Part 4: Let’s not forget about coffee!

Consider your favorite dataset on coffee ratings. The goal for this final part of the homework is to make a figure of the relationship between total_cup_points and each of these other columns (notice how they are all adjacent in the tibble? Use a colon : in your code!!)

  • aroma
  • flavor
  • aftertaste
  • acidity
  • body
  • balance
  • uniformity
  • clean_cup
  • sweetness
  • cupper_points
  • moisture

This figure should be faceted, where total_cup_points is always on the Y-axis, and each of those variables is on each panel of the X-axis. However, this cannot be done with the data in its current format. We have to wrangle and pivot the data a little bit to be able to plot it. Let’s go!


4.1. Wrangle the coffee_ratings data in a single pipeline.
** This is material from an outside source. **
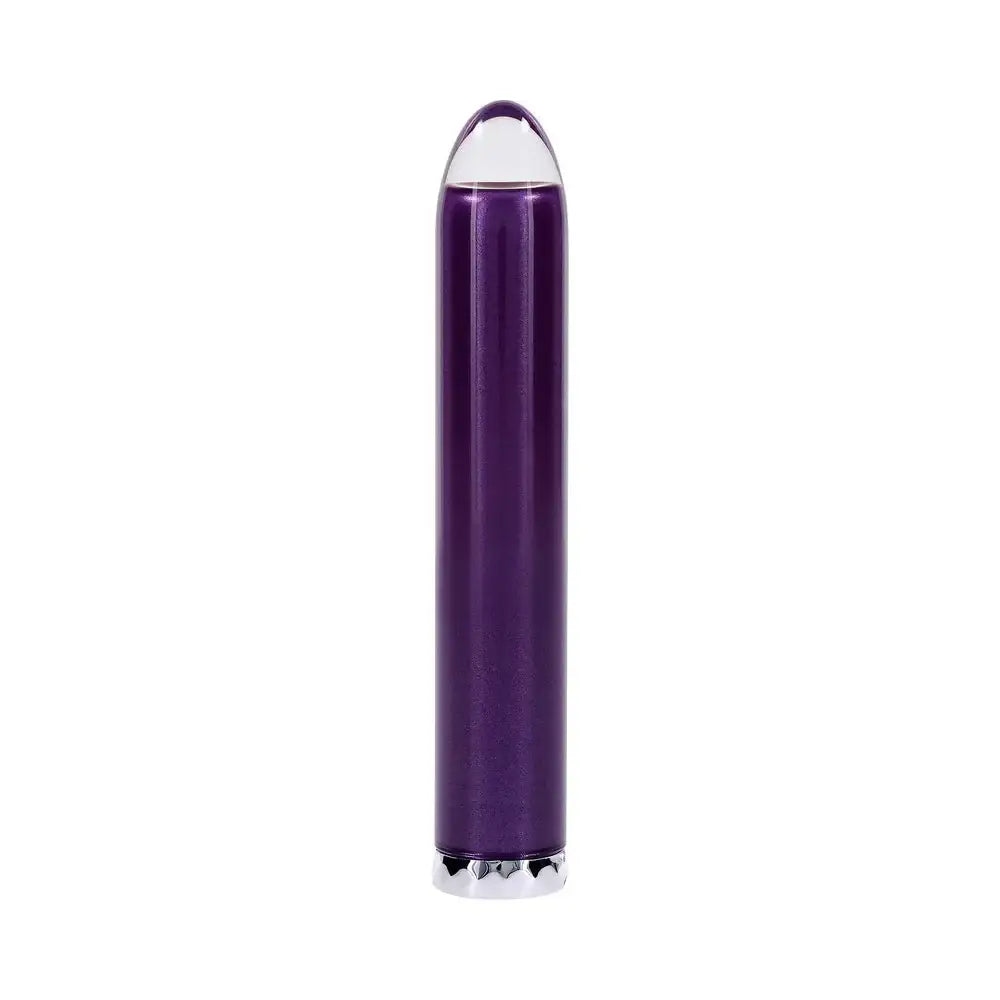 Playboy Pleasure Amethyst Glass Vibrator - Rolik®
  • Create a new column coffee_id which contains values 1-[number of rows]. This allows each observation of coffee to have a uniquely identifying value, so that when we pivot we still know what values belong together. Surprise, this part is written for you!! Run and engage with it to see the dplyr helper function n() in action (and for more, get_help("n"))
  • Tack onto the pipeline code: select only the columns you are interested in using, which include coffee_id, total_cup_points, and the other attributes listed above.
  • Use a pivot function to make the data longer and end up with the following four columns: coffee_id, total_cup_points, attribute (a new character column), and value (a new numeric column).
  • Finally, save to a new tibble called coffee_part4 and print the tibble out.


4.2. Make a figure from coffee_part4 as described. Drawing this out will help you!! You want to make a faceted scatterplot with facet_wrap(), where total_cup_points is plotted across each other attribute. Each panel in the plot should have its own linear line-of-best-fit. You should ensure free axis (see lecture notes from 10/6!) ranges as well, and use any other styling you wish. Show the figure in your knitted Rmd, but you do not need to export with ggsave().

  • HINT: Scatterplots look at relationships between NUMBERS. Things won’t work too well if you place a categorical variable on an axis!
  • For this plot, there will be no deductions if your facet labels (“strips”) contain underscores. But, I will give you bonus points if your code (in either part of question 4) is able to clean that data up so the final plot has no underscores whatsoever. Either way, axis labels should be informative and without underscores.